The same thing holds good in infant feeding.  

Nature’s way of nurturing the newborn or younger children is by providing customized breast milk.  The “customized,” needs to be emphasized here, which means, the breast milk is not only species specific, but also baby specific.  Breast milk is secreted according to the situation of the baby.  For example, a baby born premature needs a different composition milk, which is taken care of at zero cost.  Composition of breast milk is so unique that the initial part helps in quenching the thirst of the baby whereas the later part provides necessary energy and nutrition, thereby providing a full package with no additional need for water.  Breast Milk is the best gift any mother could give to her child. 

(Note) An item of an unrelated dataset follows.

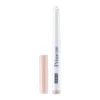 Prime Me Lip -Puur Gloed Verkoop MpIzs9072168 0 dgl DE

There are only a few problems where the formula (Powdered Infant Formula – PIF) is indicated viz., certain metabolic disorders, some of the maternal infections, genuine lactational failure etc.  Here too, formula aptly applied can solve the feeding issue. Thanks to powdered infant formula milk in such cases. For wrongly perceived problems, the same formula may pave way for several issues.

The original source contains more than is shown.